**PROBLEM DESCRIPTION:** Retyped exactly and without pictures, the lines from the one with "Farmina Vet Life" through the end of the listing must form the entire answer.

□ □ □ □ □ □ □

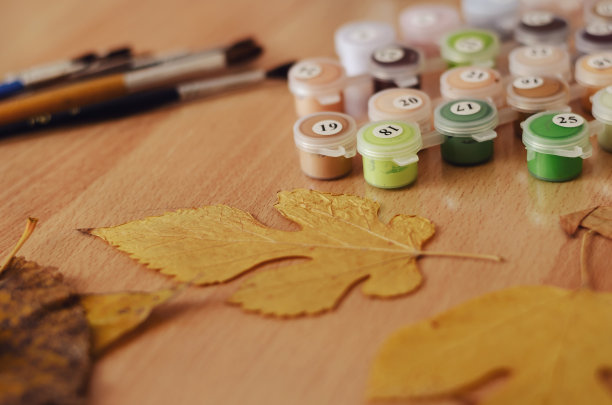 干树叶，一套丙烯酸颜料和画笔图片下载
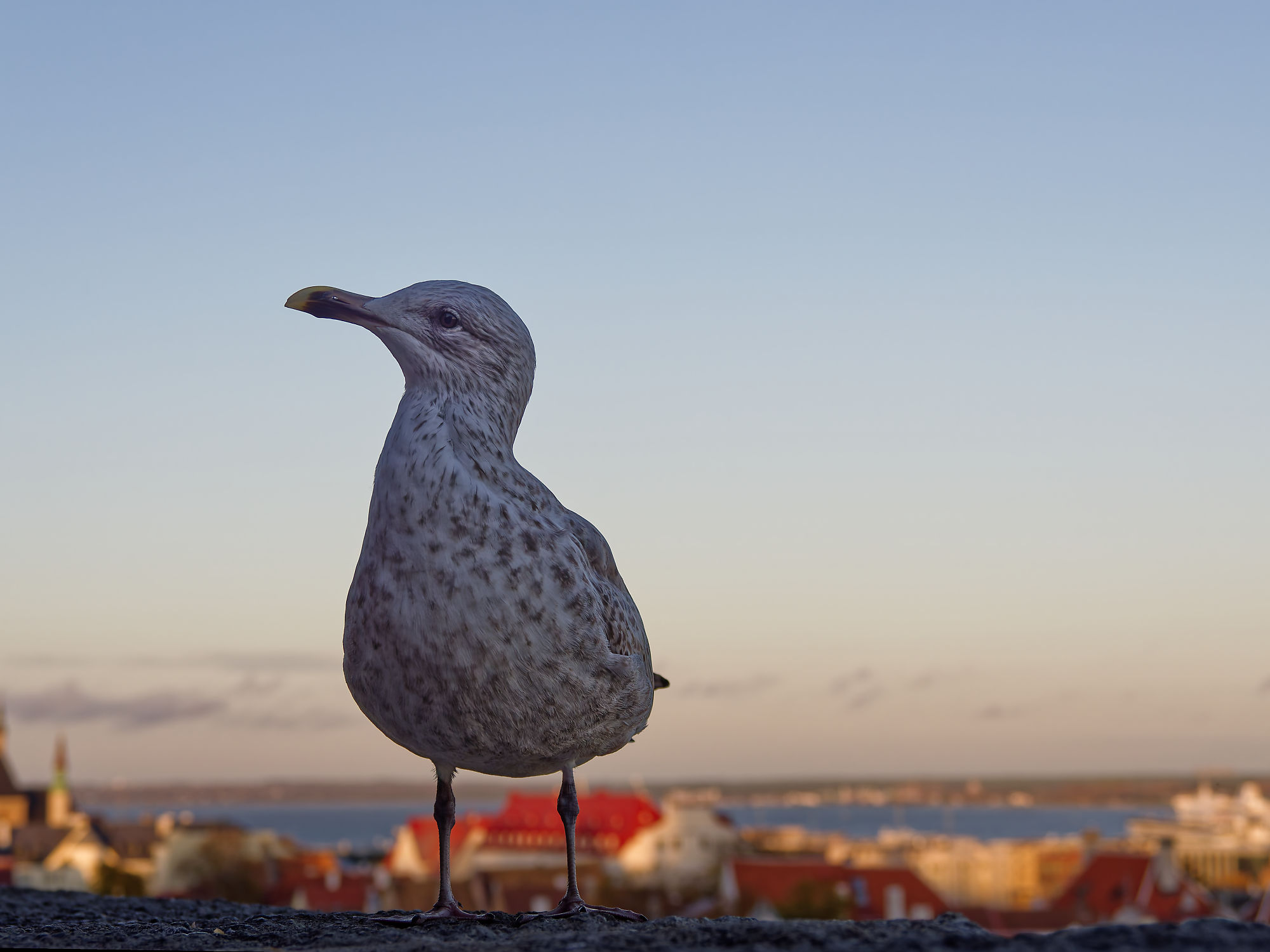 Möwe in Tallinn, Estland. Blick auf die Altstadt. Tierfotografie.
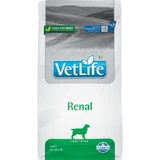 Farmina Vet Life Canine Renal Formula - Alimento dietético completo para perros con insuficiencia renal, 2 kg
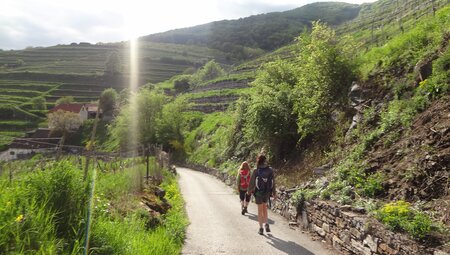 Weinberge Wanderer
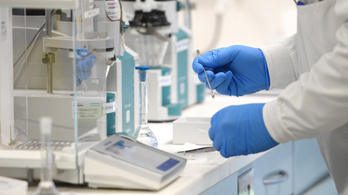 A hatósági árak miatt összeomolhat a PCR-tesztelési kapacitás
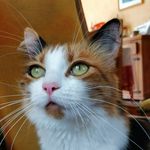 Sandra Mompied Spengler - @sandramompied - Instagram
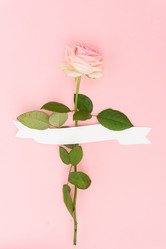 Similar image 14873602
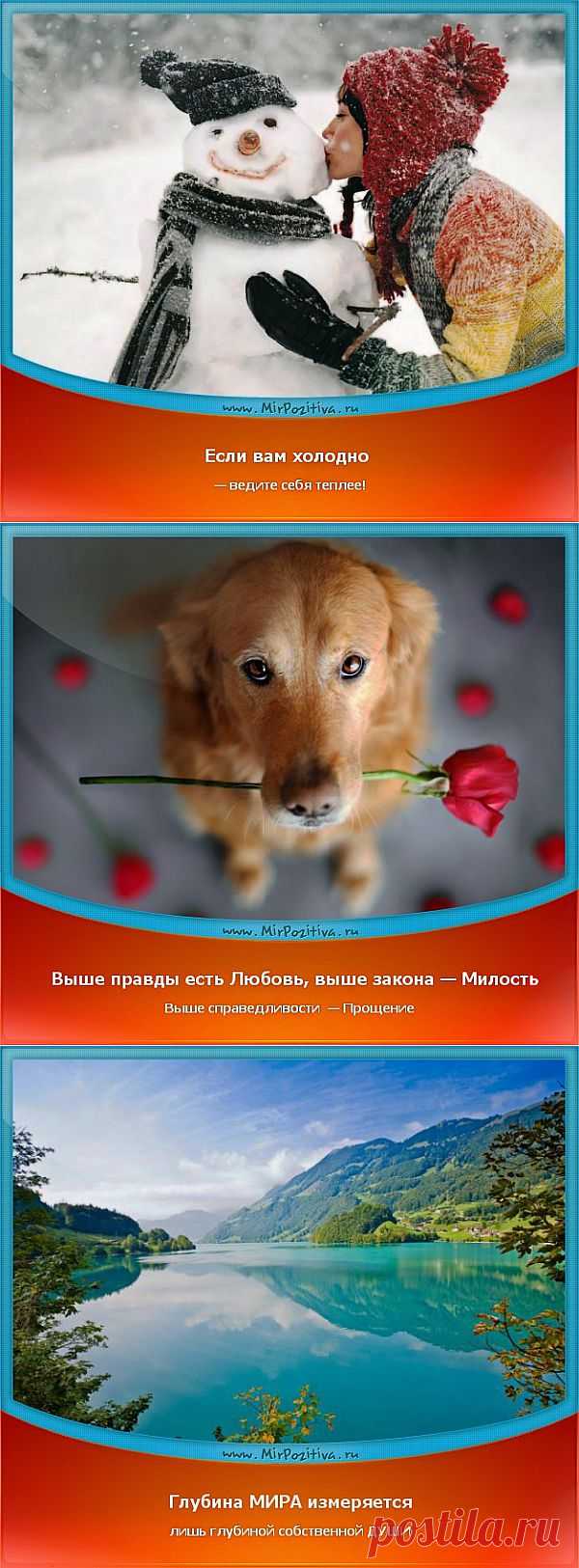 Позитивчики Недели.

□ □ □ □ □ □ □

**WRITTEN RESPONSE:**
 Farmina Vet Life Canine Renal Formula - Alimento dietético completo para perros con insuficiencia renal, 2 kg
 Weinberge Wanderer
 A hatósági árak miatt összeomolhat a PCR-tesztelési kapacitás
 Sandra Mompied Spengler - @sandramompied - Instagram
 Similar image 14873602
 Позитивчики Недели.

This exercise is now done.